La palazzina Girasole risulta essere un edificio che tende a differenziarsi dagli altri, discostandosi grazie ad uno stile decisamente moderno rispetto al contesto, pur mantenendo un carattere razionalista, tipico del periodo fascista. Inoltre, da un punto di vista topologico, interagisce felicemente con il terreno, non imponendo il proprio carattere, ma al contrario, adeguandosi al terreno stesso. L’architetto, infatti, per sviluppare l’edificio prende spunto dal declivio del terreno, giocando su di un’asimmetria a livello della facciata d’ingresso, leggibile grazie alla presenza di elementi dissonanti come ad esempio una sorta di timpano posto alla sommità, che risulta avere diverse angolazioni rispettivamente a sinistra e a destra dell’asse centrale, o come il basamento di pietra di ampiezza macroscopicamente diversa nei due lati. Il blocco centrale della palazzina è costituito da un grosso vuoto, lungo tutta l’altezza, su cui si snodano i collegamenti verticali: uno ad uso pubblico verso l’ingresso del viale, uno privato sul retro.

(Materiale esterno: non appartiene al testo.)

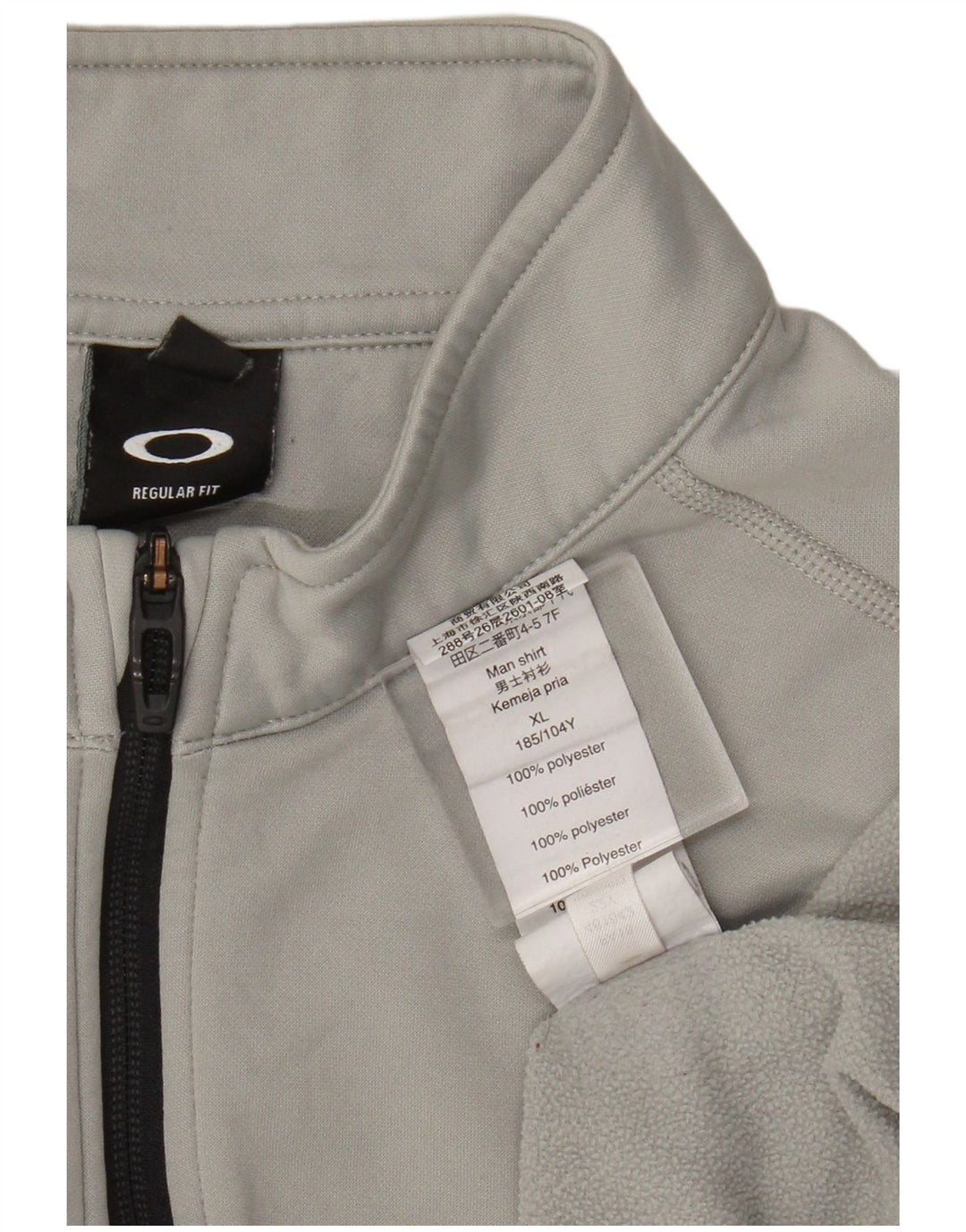 Oakley Herre Regular Fit Zip Neck Pullover Træningsdragt Top XL Grå Polyester
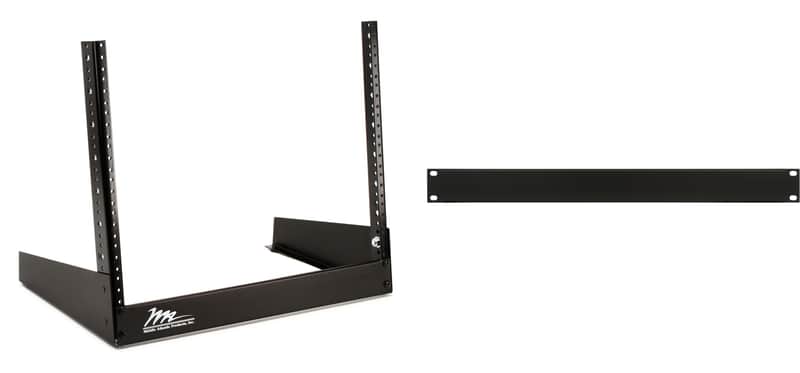 Middle Atlantic Products DR-8 8U Desktop Rack Bundle with Middle Atlantic Products EB1 Flanged Steel Rack Panel - 1U image 1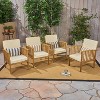 Casa 4pk Acacia Club Chairs - Brown/Cream - Christopher Knight Home - 4 of 4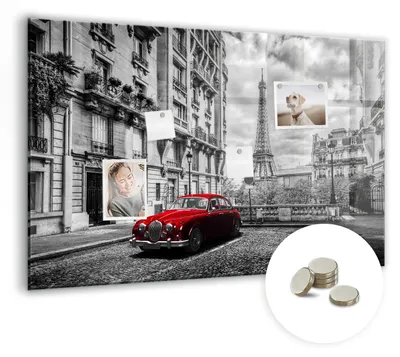 Produktbild von Dekorative Magnettafel 90x60 cm - Magnetwand - für Fotos, Karten und Notizen - Fotowand - Memoboard - Magnetpinnwand - Wanddekoration - Oldtimerstadt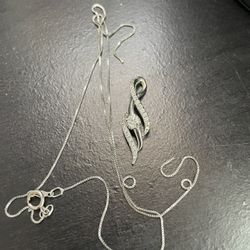 Diamond Necklace 1/3 ct tw 10K White Gold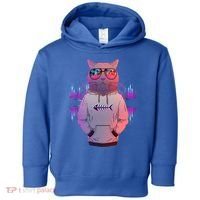 Cool Retro Hipster Hip Hop Music Cat Toddler Hoodie thumb 0
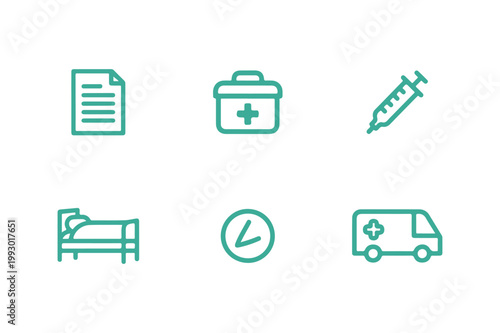 Hospital Icon Set Medical Healthcare Line Vector Pack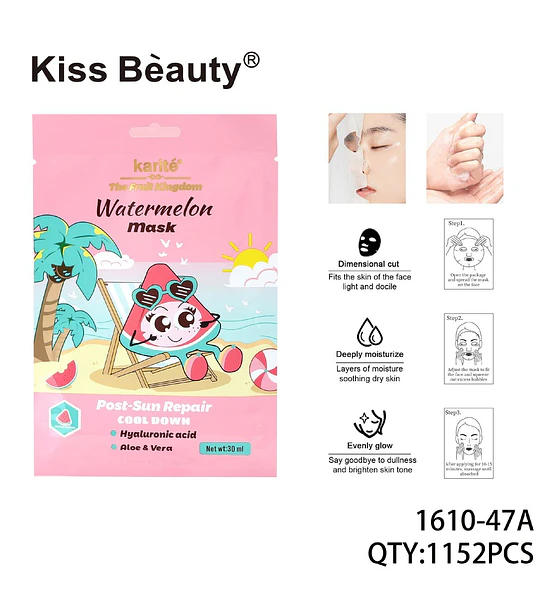 Mascarilla Facial Reparadora Post-Sol Sandía Kiss Beauty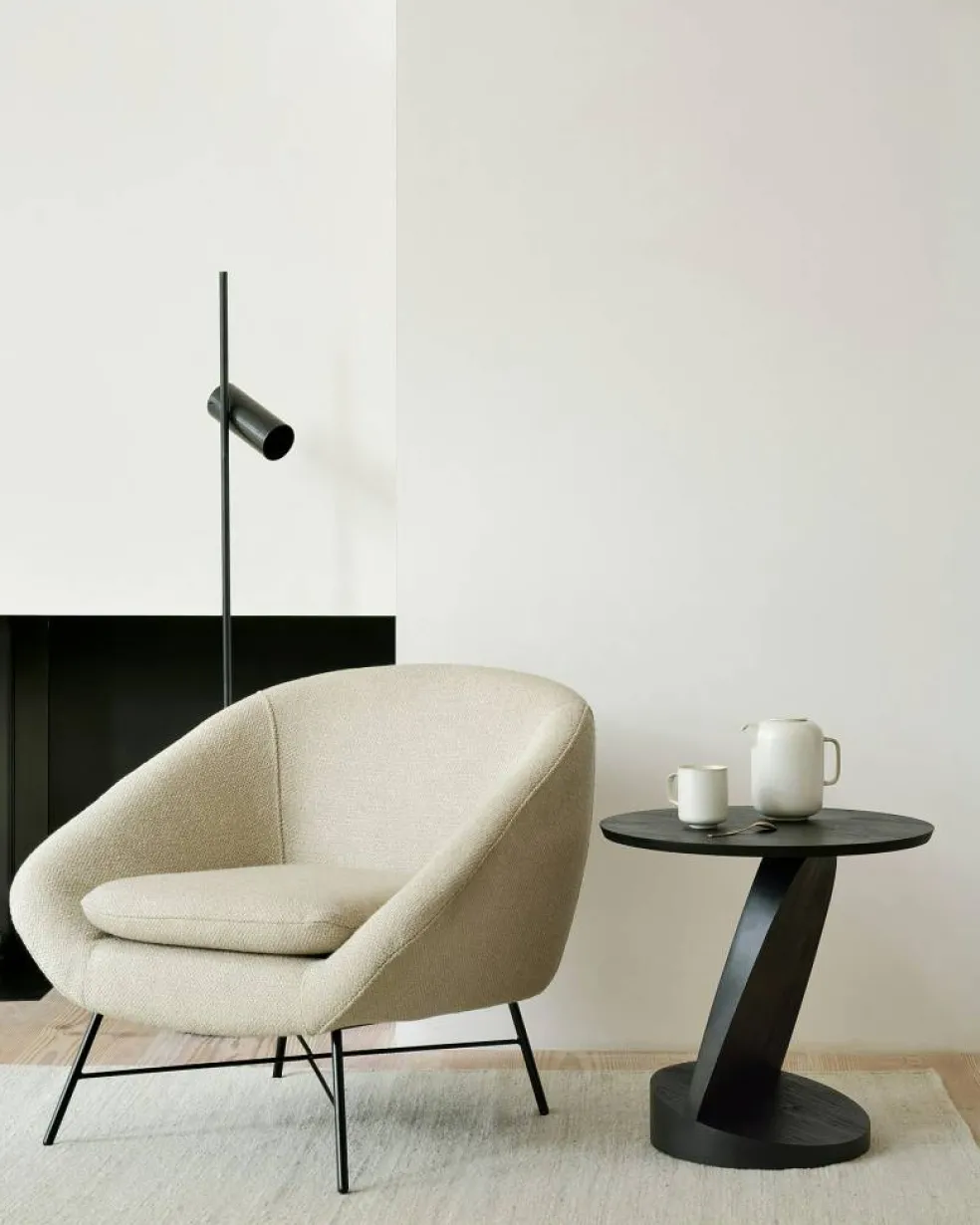 Oblic Sidobord Teak, Svart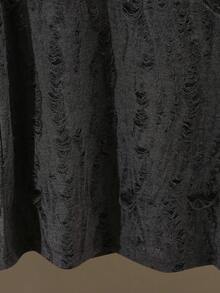 Manfinity Dauomo 男士休闲做旧圆领无袖背心，百搭夏季时尚单品 - 灰色 - 查看 5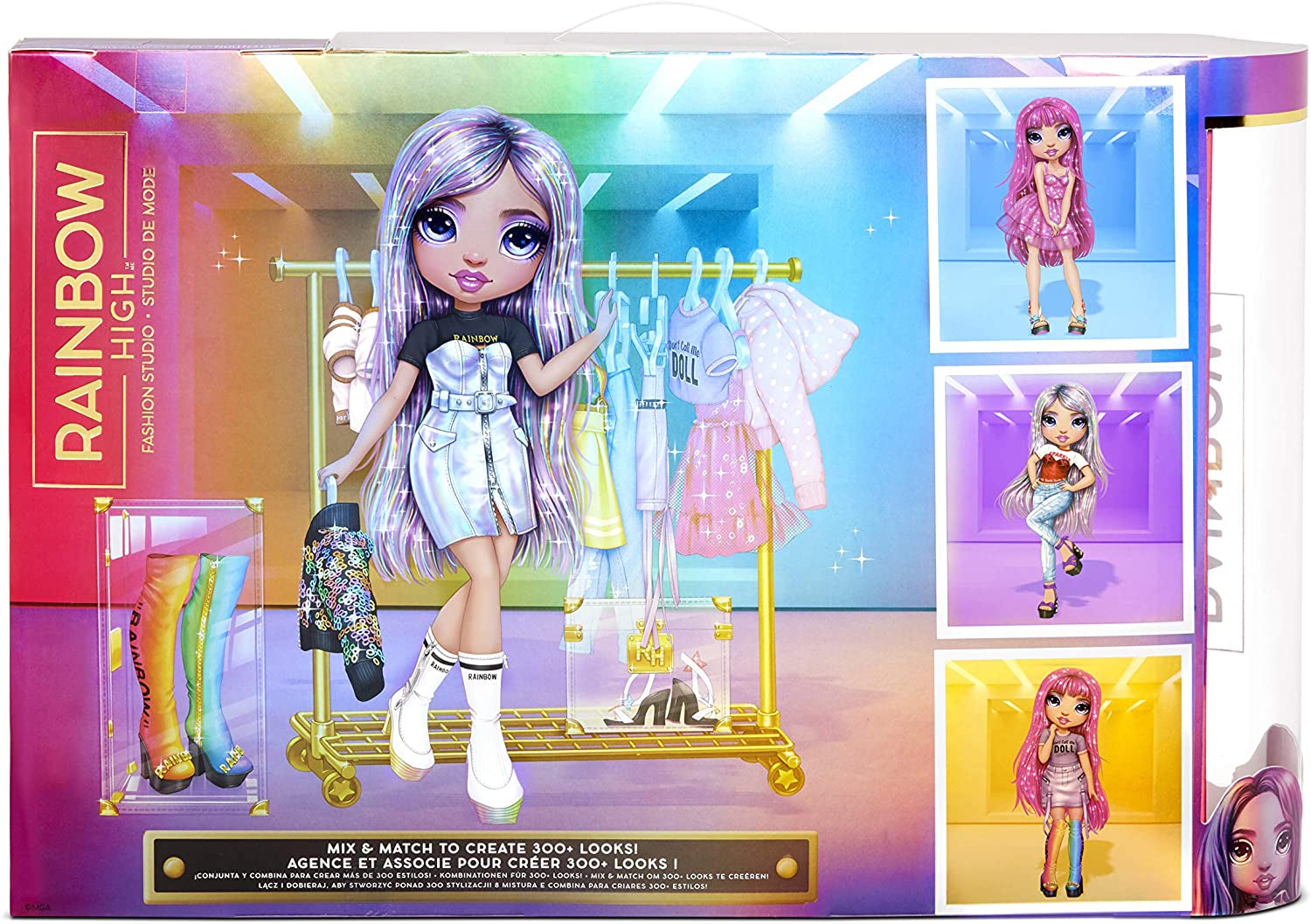 Rainbow High 571049 Fashion Studio - Muñeca exclusiva con ropa, accesorios y 2 pelucas brillantes - ¡Crea más de 300 conjuntos!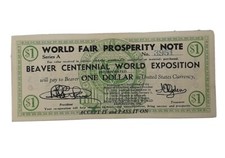 Portland Oregan Beaver Centennial World Fair Note 1936 Trade dollar $1 No. 3952 picture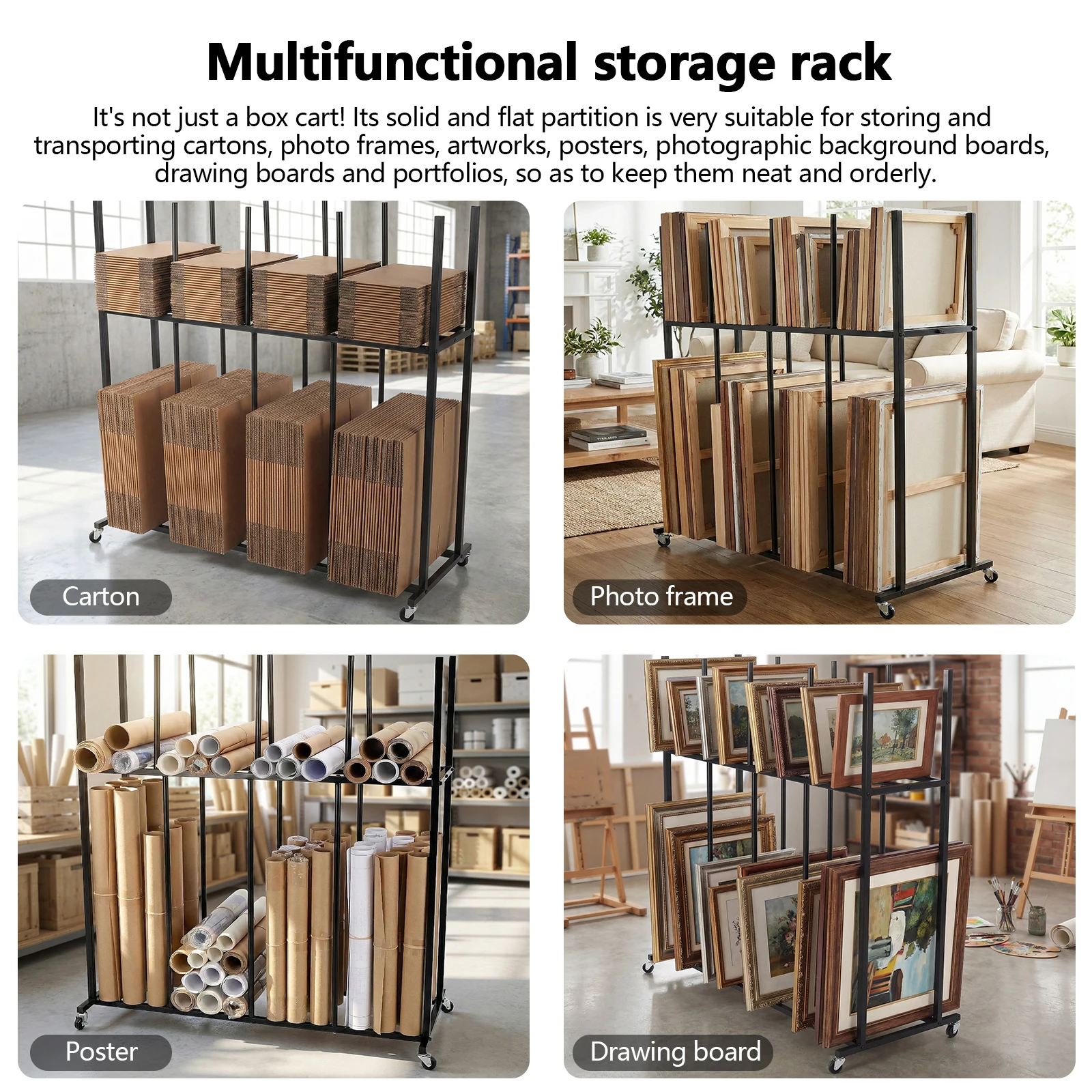 

Двухуровневая стойка для хранения художественных полотен с колесиками, подставка-мольберт для студий, галерей, картин и панно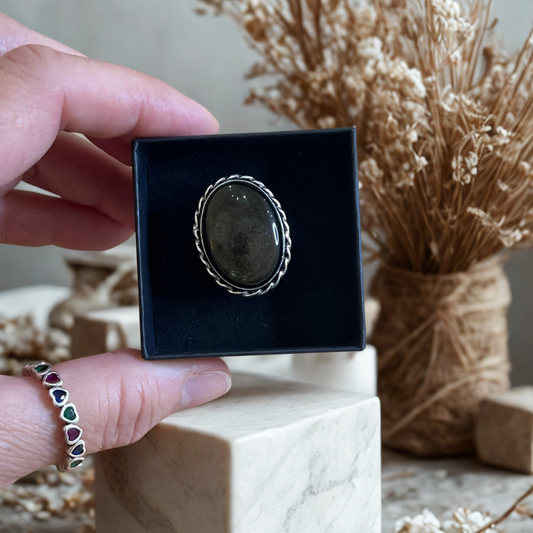 Anello in Ossidiana Dorata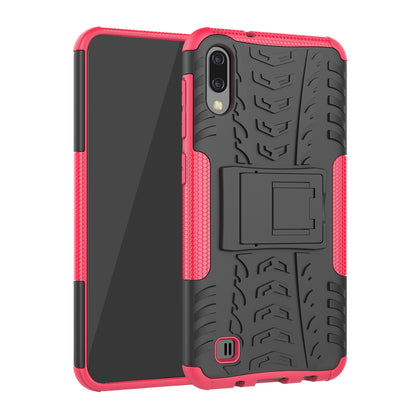 2-in-1 Tyre Pattern PC + TPU Hybrid Mobile Phone Case with Kickstand for Samsung Galaxy M10 / A10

Questa fenditura, che taglia verticalmente la facciata d’ingresso prospiciente viale B. Buozzi fino all’atrio, viene coperta nei giorni di pioggia da una volticina mobile di alluminio, che scorre sui telai di ferro sistemati nella terrazza del superattico, azionata elettricamente dalla portineria.
L’edificio, organizzato intorno ad una corte interna, è costituito da un basamento arretrato, in travertino di Tivoli, che comprende un piano seminterrato, un piano rialzato con accesso autonomo dall’atrio semiesterno, e l’alloggio del custode. Una grande scala, retta da un enorme pilastro in cemento, rastremato e aggettante sul cortile, conduce, insieme all’ascensore, ai cinque piani superiori. Dal basamento, su coppie di travi rastremate in cemento a vista, si staccano i due avancorpi paralleli dell’edificio, interamente rivestiti di minute e brillanti tessere di pasta di vetro bianca, impreziosendo le fasce marcapiano che si alternano orizzontalmente alle partizioni vetrate dei soggiorni. A questa facciata riccamente e minuziosamente abbellita ne è contrapposta una posteriore semplicemente intonacata, perché esposta lungo una strada secondaria.
L’edificio è animato da una struttura a telaio in cemento armato, mentre le tamponature sono in laterizio forato. La distribuzione dell’edificio è organizzata in quattro piani con due appartamenti ognuno, più un attico con un solo alloggio. Il piano tipo si presenta diviso in due appartamenti, secondo la direttrice dell’asse della facciata principale. Sul prospetto frontale affacciano i soggiorni; sul fianco le camere da letto e i servizi, e sul retro le cucine e un piccolo alloggio di servizio.
Dagli schizzi di studio visibili nelle immagini è possibile notare come Moretti sia stato scrupolosamente attento ad ogni minimo dettaglio, studiando, nel caso del pilastro, una forma che varia a seconda della direzione della luce, e trovando dei punti di minimo e di massimo aggetto. Per quanto riguarda invece la forma della parte laterale dell’edificio, dove sono collocate le camere da letto, l’autore si ispira alla natura, prendendo spunto dalla conformazione degli “alberi di montagna” e delle piante. Da ciò, dunque, ne deriva questa forma conifera, inconsueta ma funzionale, visibile chiaramente in pianta.